Nothing
# Feb 28 2014
##' @title Credible set of macroevolutionary rate shift configurations from
##' \code{BAMM} results
##'
##' @description Computes the 95\% (or any other \%) credible set of
##' macroevolutionary rate shift configurations from a \code{bammdata}
##' object. These results can be analyzed further and/or plotted.
##'
##' @param ephy An object of class \code{bammdata}.
##' @param expectedNumberOfShifts The expected number of rate shifts under the
##' prior.
##' @param threshold The marginal posterior-to-prior odds ratio for a rate
##' shift on a specific branch, used to distinguish core and non-core
##' shifts.
##' @param set.limit The desired limit to the credible set. A value of 0.95
##' will return the 95\% credible set of shift configurations.
##' @param \dots Other arguments to \code{credibleShiftSet}.
##'
##' @details Computes the 95\% credible set (or XX\% credible set, depending
##' on \code{set.limit}) of diversification shift configurations sampled
##' using \code{BAMM}. This is analogous to a credible set of phylogenetic
##' tree topologies from a Bayesian phylogenetic analysis.
##'
##' To understand how this calculation is performed, one must first
##' distinguish between "core" and "non-core" rate shifts.
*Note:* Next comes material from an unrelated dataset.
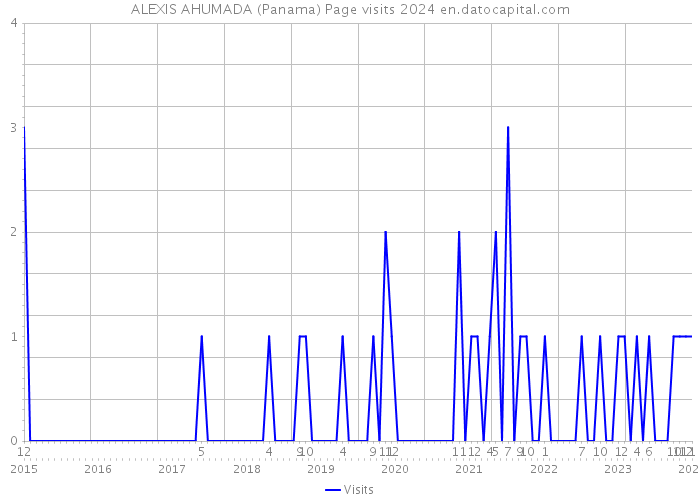 ALEXIS AHUMADA (Panama) Page visits 2024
A "core shift"
##' is a rate shift with a marginal probability that is substantially
##' elevated above the probability expected on the basis of the prior
##' alone. With \code{BAMM}, every branch in a phylogenetic tree is
##' associated with some non-zero prior probability of a rate shift.
##' Typically this is a very low per-branch shift probability (this prior
##' is determined by the value of the "poissonRatePrior" parameter in a
##' \code{BAMM} analysis).
##'
##' If we compute distinct shift configurations with every sampled shift
##' (including those shifts with very low marginal probabilities), the
##' number of distinct shift configurations will be overwhelmingly high.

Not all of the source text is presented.